BEGIN
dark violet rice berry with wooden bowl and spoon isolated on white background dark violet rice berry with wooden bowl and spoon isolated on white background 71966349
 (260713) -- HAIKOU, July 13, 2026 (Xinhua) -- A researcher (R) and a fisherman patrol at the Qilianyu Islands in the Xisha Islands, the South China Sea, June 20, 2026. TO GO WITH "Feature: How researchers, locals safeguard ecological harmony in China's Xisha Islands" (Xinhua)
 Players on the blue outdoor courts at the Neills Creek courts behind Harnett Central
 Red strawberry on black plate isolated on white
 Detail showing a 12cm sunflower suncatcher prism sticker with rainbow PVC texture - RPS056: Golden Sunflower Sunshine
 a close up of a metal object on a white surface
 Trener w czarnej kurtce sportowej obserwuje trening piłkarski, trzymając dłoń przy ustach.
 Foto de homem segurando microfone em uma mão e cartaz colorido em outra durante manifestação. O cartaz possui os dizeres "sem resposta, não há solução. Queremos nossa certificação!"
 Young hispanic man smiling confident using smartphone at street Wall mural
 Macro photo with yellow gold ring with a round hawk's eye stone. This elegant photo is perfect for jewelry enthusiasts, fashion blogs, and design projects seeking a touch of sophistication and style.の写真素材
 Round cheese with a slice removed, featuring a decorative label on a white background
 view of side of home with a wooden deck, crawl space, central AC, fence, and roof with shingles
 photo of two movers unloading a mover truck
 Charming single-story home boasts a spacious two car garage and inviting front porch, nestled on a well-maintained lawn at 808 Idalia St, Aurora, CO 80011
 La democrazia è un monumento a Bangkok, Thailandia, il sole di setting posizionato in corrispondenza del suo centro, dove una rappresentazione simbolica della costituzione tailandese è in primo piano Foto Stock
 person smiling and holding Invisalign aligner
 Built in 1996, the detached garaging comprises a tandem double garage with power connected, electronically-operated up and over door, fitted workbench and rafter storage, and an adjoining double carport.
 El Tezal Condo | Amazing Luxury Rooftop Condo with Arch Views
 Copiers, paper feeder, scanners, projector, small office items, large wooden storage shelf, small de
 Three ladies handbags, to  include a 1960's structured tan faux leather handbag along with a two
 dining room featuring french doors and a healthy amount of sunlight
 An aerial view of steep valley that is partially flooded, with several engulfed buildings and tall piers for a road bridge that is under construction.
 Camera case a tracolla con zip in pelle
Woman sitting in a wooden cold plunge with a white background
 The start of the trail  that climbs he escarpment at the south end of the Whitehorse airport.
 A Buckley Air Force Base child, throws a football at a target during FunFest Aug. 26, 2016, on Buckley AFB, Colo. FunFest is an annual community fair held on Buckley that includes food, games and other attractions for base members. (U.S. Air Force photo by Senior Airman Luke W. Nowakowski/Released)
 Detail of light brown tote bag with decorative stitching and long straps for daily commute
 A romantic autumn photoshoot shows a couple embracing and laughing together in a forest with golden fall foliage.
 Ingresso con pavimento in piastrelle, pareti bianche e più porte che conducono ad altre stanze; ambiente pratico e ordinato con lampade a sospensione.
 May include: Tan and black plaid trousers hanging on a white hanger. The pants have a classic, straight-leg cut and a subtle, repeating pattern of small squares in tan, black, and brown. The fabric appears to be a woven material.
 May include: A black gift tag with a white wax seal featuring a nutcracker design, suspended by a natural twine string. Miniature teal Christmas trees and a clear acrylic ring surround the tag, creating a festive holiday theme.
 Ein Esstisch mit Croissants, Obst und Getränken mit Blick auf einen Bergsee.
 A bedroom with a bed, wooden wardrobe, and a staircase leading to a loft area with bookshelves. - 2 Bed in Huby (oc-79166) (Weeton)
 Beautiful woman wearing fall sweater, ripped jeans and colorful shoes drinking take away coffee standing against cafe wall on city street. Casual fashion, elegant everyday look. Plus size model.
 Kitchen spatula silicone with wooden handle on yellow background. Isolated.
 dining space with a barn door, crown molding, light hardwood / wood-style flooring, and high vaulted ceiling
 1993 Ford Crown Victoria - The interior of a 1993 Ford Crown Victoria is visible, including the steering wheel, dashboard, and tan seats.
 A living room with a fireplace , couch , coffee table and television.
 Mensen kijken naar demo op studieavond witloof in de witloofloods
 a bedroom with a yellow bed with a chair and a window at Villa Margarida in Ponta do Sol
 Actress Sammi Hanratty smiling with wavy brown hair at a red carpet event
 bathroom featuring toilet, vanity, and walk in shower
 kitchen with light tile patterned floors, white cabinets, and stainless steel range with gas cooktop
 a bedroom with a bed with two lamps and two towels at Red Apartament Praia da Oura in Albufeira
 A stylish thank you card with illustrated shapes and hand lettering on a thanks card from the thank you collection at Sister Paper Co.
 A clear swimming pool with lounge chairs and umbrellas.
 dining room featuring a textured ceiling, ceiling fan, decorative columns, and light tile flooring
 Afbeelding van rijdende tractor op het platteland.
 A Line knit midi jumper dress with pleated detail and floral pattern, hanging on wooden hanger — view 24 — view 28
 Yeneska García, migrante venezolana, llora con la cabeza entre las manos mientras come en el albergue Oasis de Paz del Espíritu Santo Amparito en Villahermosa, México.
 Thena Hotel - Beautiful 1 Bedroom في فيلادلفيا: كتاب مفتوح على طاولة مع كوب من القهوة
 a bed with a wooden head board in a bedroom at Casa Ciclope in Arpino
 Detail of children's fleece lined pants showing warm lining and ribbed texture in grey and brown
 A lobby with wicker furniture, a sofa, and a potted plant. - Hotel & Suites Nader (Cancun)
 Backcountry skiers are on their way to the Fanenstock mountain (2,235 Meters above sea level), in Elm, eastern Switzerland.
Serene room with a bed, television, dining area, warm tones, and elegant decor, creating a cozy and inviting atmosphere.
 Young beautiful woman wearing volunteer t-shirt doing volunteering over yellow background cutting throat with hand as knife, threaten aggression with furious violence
END
- _WHAT YOU HAVE TO DO_
What the task asks for is a word-for-word repeat of the lines above, from the first through the one containing "Trener w czarnej".

- _OUTPUT FOR THIS TASK_
dark violet rice berry with wooden bowl and spoon isolated on white background dark violet rice berry with wooden bowl and spoon isolated on white background 71966349
 (260713) -- HAIKOU, July 13, 2026 (Xinhua) -- A researcher (R) and a fisherman patrol at the Qilianyu Islands in the Xisha Islands, the South China Sea, June 20, 2026. TO GO WITH "Feature: How researchers, locals safeguard ecological harmony in China's Xisha Islands" (Xinhua)
 Players on the blue outdoor courts at the Neills Creek courts behind Harnett Central
 Red strawberry on black plate isolated on white
 Detail showing a 12cm sunflower suncatcher prism sticker with rainbow PVC texture - RPS056: Golden Sunflower Sunshine
 a close up of a metal object on a white surface
 Trener w czarnej kurtce sportowej obserwuje trening piłkarski, trzymając dłoń przy ustach.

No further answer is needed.